Repeat every line of the material that follows, word for word.
======== EXERCISE INPUT
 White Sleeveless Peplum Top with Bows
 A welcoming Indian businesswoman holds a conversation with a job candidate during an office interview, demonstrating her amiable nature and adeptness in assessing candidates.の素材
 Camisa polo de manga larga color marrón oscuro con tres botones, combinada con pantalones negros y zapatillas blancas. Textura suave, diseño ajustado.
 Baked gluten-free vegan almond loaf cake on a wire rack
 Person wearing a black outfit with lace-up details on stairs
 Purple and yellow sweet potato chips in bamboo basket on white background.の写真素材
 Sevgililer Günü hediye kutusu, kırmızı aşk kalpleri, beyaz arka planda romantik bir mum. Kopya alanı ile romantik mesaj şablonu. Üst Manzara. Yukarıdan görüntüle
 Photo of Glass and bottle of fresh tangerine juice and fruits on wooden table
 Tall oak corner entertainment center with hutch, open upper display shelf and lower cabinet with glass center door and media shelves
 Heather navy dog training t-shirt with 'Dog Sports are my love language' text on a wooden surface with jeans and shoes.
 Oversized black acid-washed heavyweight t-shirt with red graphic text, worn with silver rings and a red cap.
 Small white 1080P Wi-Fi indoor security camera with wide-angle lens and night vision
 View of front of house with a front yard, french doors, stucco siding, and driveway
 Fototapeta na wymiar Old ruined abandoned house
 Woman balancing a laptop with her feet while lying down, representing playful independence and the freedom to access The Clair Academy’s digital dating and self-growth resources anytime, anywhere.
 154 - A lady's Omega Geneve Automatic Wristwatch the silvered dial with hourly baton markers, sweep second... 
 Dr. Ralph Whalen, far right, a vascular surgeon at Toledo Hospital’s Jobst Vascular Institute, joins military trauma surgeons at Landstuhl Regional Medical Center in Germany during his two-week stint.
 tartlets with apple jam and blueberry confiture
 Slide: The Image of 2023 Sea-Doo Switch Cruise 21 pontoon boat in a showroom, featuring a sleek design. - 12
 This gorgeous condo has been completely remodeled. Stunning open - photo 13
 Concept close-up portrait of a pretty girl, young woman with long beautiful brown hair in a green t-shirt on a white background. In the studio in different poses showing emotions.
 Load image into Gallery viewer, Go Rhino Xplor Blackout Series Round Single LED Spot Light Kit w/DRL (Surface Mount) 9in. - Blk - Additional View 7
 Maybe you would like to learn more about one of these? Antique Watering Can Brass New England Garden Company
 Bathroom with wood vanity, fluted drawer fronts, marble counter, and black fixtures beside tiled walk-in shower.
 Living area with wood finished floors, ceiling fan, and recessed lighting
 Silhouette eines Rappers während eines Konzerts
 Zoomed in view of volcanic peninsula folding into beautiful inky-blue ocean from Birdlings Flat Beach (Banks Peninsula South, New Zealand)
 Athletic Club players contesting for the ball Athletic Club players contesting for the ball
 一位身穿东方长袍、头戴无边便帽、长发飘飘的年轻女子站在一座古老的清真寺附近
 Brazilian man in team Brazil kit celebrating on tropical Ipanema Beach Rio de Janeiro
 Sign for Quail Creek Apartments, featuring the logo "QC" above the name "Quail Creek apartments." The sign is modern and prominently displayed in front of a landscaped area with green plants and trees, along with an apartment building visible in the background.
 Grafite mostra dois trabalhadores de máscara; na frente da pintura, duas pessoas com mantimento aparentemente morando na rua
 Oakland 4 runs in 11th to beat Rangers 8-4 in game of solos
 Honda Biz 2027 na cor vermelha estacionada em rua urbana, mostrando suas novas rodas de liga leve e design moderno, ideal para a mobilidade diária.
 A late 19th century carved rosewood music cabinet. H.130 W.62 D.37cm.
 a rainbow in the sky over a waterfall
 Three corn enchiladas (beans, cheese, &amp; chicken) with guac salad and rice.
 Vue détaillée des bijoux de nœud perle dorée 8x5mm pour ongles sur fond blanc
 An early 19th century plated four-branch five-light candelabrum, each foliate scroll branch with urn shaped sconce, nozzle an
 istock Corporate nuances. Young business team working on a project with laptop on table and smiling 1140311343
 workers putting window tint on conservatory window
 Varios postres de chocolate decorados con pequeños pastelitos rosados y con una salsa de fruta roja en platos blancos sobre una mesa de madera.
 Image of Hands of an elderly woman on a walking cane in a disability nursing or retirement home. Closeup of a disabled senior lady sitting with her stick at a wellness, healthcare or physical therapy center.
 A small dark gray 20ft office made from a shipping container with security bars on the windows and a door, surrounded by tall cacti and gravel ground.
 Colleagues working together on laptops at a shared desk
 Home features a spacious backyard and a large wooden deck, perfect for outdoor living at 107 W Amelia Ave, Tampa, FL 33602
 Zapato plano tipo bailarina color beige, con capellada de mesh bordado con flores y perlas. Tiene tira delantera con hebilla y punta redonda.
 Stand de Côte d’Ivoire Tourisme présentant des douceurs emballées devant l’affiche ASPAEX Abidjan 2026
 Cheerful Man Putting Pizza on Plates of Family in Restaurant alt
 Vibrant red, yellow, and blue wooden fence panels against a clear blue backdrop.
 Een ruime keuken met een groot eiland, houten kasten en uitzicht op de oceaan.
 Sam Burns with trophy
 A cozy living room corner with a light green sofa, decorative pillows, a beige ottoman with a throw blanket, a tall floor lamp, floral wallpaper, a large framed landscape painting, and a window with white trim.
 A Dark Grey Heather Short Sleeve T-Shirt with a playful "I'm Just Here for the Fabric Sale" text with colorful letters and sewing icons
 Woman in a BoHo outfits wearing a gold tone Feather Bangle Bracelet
================
— TASK RESPONSE —
 White Sleeveless Peplum Top with Bows
 A welcoming Indian businesswoman holds a conversation with a job candidate during an office interview, demonstrating her amiable nature and adeptness in assessing candidates.の素材
 Camisa polo de manga larga color marrón oscuro con tres botones, combinada con pantalones negros y zapatillas blancas. Textura suave, diseño ajustado.
 Baked gluten-free vegan almond loaf cake on a wire rack
 Person wearing a black outfit with lace-up details on stairs
 Purple and yellow sweet potato chips in bamboo basket on white background.の写真素材
 Sevgililer Günü hediye kutusu, kırmızı aşk kalpleri, beyaz arka planda romantik bir mum. Kopya alanı ile romantik mesaj şablonu. Üst Manzara. Yukarıdan görüntüle
 Photo of Glass and bottle of fresh tangerine juice and fruits on wooden table
 Tall oak corner entertainment center with hutch, open upper display shelf and lower cabinet with glass center door and media shelves
 Heather navy dog training t-shirt with 'Dog Sports are my love language' text on a wooden surface with jeans and shoes.
 Oversized black acid-washed heavyweight t-shirt with red graphic text, worn with silver rings and a red cap.
 Small white 1080P Wi-Fi indoor security camera with wide-angle lens and night vision
 View of front of house with a front yard, french doors, stucco siding, and driveway
 Fototapeta na wymiar Old ruined abandoned house
 Woman balancing a laptop with her feet while lying down, representing playful independence and the freedom to access The Clair Academy’s digital dating and self-growth resources anytime, anywhere.
 154 - A lady's Omega Geneve Automatic Wristwatch the silvered dial with hourly baton markers, sweep second... 
 Dr. Ralph Whalen, far right, a vascular surgeon at Toledo Hospital’s Jobst Vascular Institute, joins military trauma surgeons at Landstuhl Regional Medical Center in Germany during his two-week stint.
 tartlets with apple jam and blueberry confiture
 Slide: The Image of 2023 Sea-Doo Switch Cruise 21 pontoon boat in a showroom, featuring a sleek design. - 12
 This gorgeous condo has been completely remodeled. Stunning open - photo 13
 Concept close-up portrait of a pretty girl, young woman with long beautiful brown hair in a green t-shirt on a white background. In the studio in different poses showing emotions.
 Load image into Gallery viewer, Go Rhino Xplor Blackout Series Round Single LED Spot Light Kit w/DRL (Surface Mount) 9in. - Blk - Additional View 7
 Maybe you would like to learn more about one of these? Antique Watering Can Brass New England Garden Company
 Bathroom with wood vanity, fluted drawer fronts, marble counter, and black fixtures beside tiled walk-in shower.
 Living area with wood finished floors, ceiling fan, and recessed lighting
 Silhouette eines Rappers während eines Konzerts
 Zoomed in view of volcanic peninsula folding into beautiful inky-blue ocean from Birdlings Flat Beach (Banks Peninsula South, New Zealand)
 Athletic Club players contesting for the ball Athletic Club players contesting for the ball
 一位身穿东方长袍、头戴无边便帽、长发飘飘的年轻女子站在一座古老的清真寺附近
 Brazilian man in team Brazil kit celebrating on tropical Ipanema Beach Rio de Janeiro
 Sign for Quail Creek Apartments, featuring the logo "QC" above the name "Quail Creek apartments." The sign is modern and prominently displayed in front of a landscaped area with green plants and trees, along with an apartment building visible in the background.
 Grafite mostra dois trabalhadores de máscara; na frente da pintura, duas pessoas com mantimento aparentemente morando na rua
 Oakland 4 runs in 11th to beat Rangers 8-4 in game of solos
 Honda Biz 2027 na cor vermelha estacionada em rua urbana, mostrando suas novas rodas de liga leve e design moderno, ideal para a mobilidade diária.
 A late 19th century carved rosewood music cabinet. H.130 W.62 D.37cm.
 a rainbow in the sky over a waterfall
 Three corn enchiladas (beans, cheese, &amp; chicken) with guac salad and rice.
 Vue détaillée des bijoux de nœud perle dorée 8x5mm pour ongles sur fond blanc
 An early 19th century plated four-branch five-light candelabrum, each foliate scroll branch with urn shaped sconce, nozzle an
 istock Corporate nuances. Young business team working on a project with laptop on table and smiling 1140311343
 workers putting window tint on conservatory window
 Varios postres de chocolate decorados con pequeños pastelitos rosados y con una salsa de fruta roja en platos blancos sobre una mesa de madera.
 Image of Hands of an elderly woman on a walking cane in a disability nursing or retirement home. Closeup of a disabled senior lady sitting with her stick at a wellness, healthcare or physical therapy center.
 A small dark gray 20ft office made from a shipping container with security bars on the windows and a door, surrounded by tall cacti and gravel ground.
 Colleagues working together on laptops at a shared desk
 Home features a spacious backyard and a large wooden deck, perfect for outdoor living at 107 W Amelia Ave, Tampa, FL 33602
 Zapato plano tipo bailarina color beige, con capellada de mesh bordado con flores y perlas. Tiene tira delantera con hebilla y punta redonda.
 Stand de Côte d’Ivoire Tourisme présentant des douceurs emballées devant l’affiche ASPAEX Abidjan 2026
 Cheerful Man Putting Pizza on Plates of Family in Restaurant alt
 Vibrant red, yellow, and blue wooden fence panels against a clear blue backdrop.
 Een ruime keuken met een groot eiland, houten kasten en uitzicht op de oceaan.
 Sam Burns with trophy
 A cozy living room corner with a light green sofa, decorative pillows, a beige ottoman with a throw blanket, a tall floor lamp, floral wallpaper, a large framed landscape painting, and a window with white trim.
 A Dark Grey Heather Short Sleeve T-Shirt with a playful "I'm Just Here for the Fabric Sale" text with colorful letters and sewing icons
 Woman in a BoHo outfits wearing a gold tone Feather Bangle Bracelet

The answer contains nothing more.